Como si el universo hubiera armado una coreografía para hacernos sentir unos pelotudos miserables, lo ví al flaco en medio de la gente, también buscando algo en el piso… no podía ser real. En una conversación de gritos monosílabos nos contamos nuestras derrotas, la de mi mochila querida acuchillada y mi teléfono en manos de un malviviente y a él, de un codazo, le habían hecho volar los anteojos dejándolo a merced de su chicatez.

Terminó el recital y empezó la verdadera odisea: llegar al colectivo. No había mucho riesgo hasta que el flaco me tiró una frase lapidaria: “estoy con batería baja”. Buenísimo. La ecuación quedaba así: un ciego, un incomunicado y 3% de batería en una ciudad desconocida, con la obligación de encontrar un bondi estacionado en la loma del ojete que nos llevaba de vuelta a la casa.

Para hacerle frente a la escasez de batería, veíamos la ubicación, memorizábamos un par de instrucciones y guardábamos el teléfono. “Caminar siete cuadras derecho, en la avenida doblar a la izquierda y meter tres cuadras por ahí”. Así, limitábamos el uso del celular hasta que la memoria o la duda nos traicionaban. Progresivamente, el paisaje se hacía menos céntrico y la cantidad de gente a nuestro alrededor iba bajando hasta que nos quedamos solos. Siguiendo a rajatabla las indicaciones del Google Maps, y ya alejados de lo urbano, empezamos a subir el camino de tierra de una colina, suponíamos que ya del otro lado íbamos a ver el colectivo o algo. Además, me preocupaba la ceguera del flaco en la semiruralidad de la noche salteña: cada paso era una posibilidad de que se cayera al mismísimo choto. La sorpresa ha sido tremenda cuando llegamos al punto más y en el horizonte: una villa… cada vez más prometedora la situación. Y ya estábamos jugados, había que cruzarla obedeciendo al conchudo Maps.

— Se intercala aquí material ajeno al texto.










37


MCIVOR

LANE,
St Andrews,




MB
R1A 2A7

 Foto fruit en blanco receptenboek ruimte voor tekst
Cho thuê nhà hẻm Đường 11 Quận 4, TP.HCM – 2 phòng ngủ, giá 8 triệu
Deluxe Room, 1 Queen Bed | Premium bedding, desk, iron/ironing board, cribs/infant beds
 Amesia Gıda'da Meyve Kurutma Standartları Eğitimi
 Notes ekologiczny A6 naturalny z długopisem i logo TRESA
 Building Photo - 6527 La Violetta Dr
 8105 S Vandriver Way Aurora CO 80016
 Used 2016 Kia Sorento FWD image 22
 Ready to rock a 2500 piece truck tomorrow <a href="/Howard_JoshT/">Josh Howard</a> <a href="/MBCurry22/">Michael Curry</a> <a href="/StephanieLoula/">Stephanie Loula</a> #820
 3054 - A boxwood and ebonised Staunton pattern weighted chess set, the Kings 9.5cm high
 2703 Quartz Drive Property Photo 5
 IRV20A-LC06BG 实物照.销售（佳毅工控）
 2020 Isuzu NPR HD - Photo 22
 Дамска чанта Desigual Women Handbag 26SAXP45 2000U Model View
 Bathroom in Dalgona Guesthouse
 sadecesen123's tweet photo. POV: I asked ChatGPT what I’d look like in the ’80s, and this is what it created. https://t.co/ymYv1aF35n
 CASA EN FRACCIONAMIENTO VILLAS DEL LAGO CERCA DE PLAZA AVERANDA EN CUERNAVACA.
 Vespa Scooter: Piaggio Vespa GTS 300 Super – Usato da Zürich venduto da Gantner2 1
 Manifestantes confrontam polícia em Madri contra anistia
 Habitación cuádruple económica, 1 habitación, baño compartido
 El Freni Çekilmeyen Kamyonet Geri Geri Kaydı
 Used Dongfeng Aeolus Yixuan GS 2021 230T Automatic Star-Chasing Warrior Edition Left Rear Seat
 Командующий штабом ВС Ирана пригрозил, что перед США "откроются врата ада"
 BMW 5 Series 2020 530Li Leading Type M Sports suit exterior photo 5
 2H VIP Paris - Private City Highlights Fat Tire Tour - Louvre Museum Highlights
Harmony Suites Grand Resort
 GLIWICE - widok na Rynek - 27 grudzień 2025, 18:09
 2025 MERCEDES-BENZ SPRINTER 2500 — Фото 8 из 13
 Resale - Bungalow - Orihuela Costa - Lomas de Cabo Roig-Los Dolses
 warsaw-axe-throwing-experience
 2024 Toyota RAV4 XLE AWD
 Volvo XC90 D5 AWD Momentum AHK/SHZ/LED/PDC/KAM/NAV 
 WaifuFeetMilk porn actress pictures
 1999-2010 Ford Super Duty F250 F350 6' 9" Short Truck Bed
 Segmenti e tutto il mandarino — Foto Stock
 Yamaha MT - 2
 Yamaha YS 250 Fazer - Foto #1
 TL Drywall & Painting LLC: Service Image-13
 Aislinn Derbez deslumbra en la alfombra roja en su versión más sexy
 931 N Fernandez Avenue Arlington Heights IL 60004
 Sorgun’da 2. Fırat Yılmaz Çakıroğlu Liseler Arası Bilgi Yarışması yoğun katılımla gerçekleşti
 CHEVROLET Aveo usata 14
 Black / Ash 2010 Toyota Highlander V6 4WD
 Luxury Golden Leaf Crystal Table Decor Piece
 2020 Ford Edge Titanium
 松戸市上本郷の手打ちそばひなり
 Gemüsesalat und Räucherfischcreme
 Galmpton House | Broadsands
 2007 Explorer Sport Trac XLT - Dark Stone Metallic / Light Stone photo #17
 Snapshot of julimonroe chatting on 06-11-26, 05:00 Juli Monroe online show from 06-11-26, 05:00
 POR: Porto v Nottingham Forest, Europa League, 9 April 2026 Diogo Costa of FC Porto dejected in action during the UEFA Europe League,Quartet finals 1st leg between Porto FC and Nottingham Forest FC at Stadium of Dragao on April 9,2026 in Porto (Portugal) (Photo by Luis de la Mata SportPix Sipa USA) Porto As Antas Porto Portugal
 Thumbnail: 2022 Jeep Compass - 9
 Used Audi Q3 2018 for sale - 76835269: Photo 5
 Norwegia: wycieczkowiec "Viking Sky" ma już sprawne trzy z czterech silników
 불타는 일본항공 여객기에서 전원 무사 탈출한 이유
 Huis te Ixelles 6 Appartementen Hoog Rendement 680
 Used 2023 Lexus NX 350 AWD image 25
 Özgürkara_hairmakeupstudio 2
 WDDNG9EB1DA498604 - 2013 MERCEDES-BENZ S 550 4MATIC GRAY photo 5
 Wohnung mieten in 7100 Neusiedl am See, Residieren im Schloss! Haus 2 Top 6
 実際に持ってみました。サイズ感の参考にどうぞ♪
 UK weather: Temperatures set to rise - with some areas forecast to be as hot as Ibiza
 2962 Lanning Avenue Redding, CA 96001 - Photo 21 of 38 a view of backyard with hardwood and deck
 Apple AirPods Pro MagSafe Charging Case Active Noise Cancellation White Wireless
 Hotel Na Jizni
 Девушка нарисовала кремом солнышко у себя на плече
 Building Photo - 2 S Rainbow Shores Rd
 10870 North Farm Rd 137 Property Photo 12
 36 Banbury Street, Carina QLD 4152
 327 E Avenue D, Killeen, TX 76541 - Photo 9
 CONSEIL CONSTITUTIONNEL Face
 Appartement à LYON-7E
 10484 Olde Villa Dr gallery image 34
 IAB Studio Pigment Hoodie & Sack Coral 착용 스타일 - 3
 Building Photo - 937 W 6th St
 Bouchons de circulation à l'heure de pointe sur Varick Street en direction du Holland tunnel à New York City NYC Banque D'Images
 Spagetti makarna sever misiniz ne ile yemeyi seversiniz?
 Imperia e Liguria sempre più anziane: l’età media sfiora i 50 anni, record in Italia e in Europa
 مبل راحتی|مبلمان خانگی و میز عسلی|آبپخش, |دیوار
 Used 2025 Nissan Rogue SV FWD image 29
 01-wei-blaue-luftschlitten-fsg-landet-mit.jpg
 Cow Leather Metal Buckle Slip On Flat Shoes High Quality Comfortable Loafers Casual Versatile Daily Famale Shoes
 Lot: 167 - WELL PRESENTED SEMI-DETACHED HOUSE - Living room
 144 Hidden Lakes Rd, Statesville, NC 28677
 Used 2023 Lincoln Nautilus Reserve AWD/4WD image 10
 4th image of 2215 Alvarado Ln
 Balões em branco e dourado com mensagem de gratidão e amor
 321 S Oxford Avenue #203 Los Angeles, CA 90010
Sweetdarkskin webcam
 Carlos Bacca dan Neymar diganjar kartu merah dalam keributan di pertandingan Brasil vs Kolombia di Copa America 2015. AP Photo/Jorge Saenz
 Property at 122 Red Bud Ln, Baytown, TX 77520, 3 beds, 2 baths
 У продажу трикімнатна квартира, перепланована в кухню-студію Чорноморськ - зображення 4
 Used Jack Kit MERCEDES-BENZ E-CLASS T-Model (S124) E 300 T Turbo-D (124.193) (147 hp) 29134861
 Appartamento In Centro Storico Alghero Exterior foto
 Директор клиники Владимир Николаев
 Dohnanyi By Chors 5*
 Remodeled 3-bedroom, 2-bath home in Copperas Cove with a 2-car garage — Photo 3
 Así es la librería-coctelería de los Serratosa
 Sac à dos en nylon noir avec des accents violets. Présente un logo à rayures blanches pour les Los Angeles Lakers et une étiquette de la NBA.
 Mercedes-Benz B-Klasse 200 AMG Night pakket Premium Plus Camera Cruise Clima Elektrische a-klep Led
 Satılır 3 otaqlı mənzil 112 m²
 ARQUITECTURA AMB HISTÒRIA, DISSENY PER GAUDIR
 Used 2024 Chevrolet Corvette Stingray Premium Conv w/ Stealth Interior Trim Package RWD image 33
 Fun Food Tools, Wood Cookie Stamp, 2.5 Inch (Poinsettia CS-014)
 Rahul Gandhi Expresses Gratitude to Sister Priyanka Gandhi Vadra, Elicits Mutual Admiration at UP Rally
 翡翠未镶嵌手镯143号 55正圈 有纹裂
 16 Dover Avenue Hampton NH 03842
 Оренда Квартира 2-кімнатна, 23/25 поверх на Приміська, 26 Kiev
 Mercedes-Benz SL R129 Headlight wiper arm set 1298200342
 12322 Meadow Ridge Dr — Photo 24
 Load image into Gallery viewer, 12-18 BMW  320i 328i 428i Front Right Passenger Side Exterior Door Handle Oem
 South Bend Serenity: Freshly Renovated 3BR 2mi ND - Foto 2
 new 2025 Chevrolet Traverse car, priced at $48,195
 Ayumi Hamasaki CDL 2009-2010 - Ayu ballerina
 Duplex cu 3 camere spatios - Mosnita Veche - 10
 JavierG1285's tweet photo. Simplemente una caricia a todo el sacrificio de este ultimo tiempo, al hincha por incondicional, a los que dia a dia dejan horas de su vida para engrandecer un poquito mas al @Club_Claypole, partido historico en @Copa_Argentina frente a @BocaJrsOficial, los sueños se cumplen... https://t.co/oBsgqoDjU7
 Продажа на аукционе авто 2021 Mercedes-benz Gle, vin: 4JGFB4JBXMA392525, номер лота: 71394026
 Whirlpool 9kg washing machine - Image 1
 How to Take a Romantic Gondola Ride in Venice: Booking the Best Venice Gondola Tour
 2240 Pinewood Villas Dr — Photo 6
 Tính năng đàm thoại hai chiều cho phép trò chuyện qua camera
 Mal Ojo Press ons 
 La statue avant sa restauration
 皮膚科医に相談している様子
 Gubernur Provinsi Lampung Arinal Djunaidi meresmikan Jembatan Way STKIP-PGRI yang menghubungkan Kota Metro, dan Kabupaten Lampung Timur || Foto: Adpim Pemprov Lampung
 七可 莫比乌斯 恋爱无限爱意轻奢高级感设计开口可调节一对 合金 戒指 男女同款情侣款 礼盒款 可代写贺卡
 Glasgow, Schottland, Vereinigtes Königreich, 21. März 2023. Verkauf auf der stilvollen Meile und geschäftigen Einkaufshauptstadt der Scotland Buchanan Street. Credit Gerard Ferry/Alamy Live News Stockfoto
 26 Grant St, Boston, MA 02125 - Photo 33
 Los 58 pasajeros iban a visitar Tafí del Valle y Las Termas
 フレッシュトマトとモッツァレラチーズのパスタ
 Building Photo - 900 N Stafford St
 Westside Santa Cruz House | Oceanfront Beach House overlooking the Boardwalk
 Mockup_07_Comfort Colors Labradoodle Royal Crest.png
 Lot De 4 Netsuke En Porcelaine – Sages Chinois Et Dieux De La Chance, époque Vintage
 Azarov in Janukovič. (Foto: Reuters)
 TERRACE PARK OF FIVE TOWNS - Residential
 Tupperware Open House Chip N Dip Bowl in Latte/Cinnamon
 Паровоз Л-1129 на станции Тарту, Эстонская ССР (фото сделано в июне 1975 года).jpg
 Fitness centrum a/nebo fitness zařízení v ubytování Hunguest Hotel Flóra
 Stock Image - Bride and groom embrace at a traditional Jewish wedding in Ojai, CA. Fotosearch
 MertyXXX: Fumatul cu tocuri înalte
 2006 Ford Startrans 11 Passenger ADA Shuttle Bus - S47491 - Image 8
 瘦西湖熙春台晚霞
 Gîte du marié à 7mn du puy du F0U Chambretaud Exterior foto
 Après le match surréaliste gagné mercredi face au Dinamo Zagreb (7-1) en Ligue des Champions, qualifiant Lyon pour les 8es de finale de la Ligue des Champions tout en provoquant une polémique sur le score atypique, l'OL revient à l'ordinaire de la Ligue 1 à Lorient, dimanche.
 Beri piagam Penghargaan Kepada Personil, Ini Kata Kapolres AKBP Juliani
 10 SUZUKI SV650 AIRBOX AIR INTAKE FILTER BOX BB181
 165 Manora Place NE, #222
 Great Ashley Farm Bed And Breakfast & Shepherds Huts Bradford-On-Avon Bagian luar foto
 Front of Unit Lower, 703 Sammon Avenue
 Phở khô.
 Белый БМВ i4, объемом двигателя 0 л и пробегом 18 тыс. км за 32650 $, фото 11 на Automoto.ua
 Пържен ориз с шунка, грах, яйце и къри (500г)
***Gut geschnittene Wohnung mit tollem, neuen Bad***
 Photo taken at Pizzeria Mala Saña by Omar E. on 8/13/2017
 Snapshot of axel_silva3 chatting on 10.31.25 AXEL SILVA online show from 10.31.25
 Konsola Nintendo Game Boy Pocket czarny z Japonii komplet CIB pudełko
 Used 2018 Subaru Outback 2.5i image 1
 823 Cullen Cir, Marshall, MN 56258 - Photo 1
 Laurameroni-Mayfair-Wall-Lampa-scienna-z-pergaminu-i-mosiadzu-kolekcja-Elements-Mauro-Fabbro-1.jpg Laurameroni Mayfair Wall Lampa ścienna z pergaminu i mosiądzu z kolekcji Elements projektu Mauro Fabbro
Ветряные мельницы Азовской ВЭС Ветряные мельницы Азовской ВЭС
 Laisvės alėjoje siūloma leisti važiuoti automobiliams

Por si no era ya precarísima nuestra situación, el recital, las pérdidas y la caminata nos habían secado las tripas y portábamos una sed camerunesa. Ya sin nada que perder, nos hemos parado a golpear las manos en una casa con música para pedirles aunque sea agua del caño. Un ángel de la guarda respondió al llamado. De la casa salió una señora amable, tierna… Le contamos nuestra situación y tras un momento, regresó con una Sprite de tres litros congelada. No sé si era la deshidratación que teníamos, la destrucción anímica que arrestrábamos, pero es hasta el día de hoy y por lejos la mejor Sprite que he tomado en mi vida. Nos ha salvado la vida, era un oasis de placer en medio del desierto de derrota en el que estábamos. Con la energía renovada, le metimos no sé cuánto tiempo más de caminata y pudimos llegar al colectivo. Habíamos logrado el objetivo.

Bueno, un tiempo después, ya sacando conclusiones, entiendo que las pérdidas materiales se arreglan. He podido cuotear un teléfono medio pedorro que hasta el día de hoy me acompaña y llevar la mochila a un zapatero, un cirujano del cuero que ha hecho un trabajo espectacular para recuperármela y hoy transita la vida sin secuelas de la profanación sufrida.

Pero si hay un dolor que hasta el día de hoy me acompaña. Yo soy tucumano, orgulloso de ser tucumano. Y sentir que la primera vez que me afanan lo hace un salteño, me da tanta vergüenza que yo intento convencerme e intento convencer a lacgente de que el que me ha choriado no era un opa de ahí, sino alguien de algún origen digno de cometer delitos contra la propiedad, pero no un salteño. Nunca lo voy a saber, pero elijo creer y espero que ustedes también lo crean.

La Renga me ha dado pasión por la música, me ha dado emociones, viajes, momentos compartidos con amigos, anécdotas y, por eso, aunque cueste un teléfono, una acuchillada, andar perdido en villas salteñas y rogar por la aparición de un ángel con Sprite, elijo siempre la experiencia de ir a verlos, la experiencia de la música en vivo y los caudillos, héroes y ángeles que las rutas nos regalan.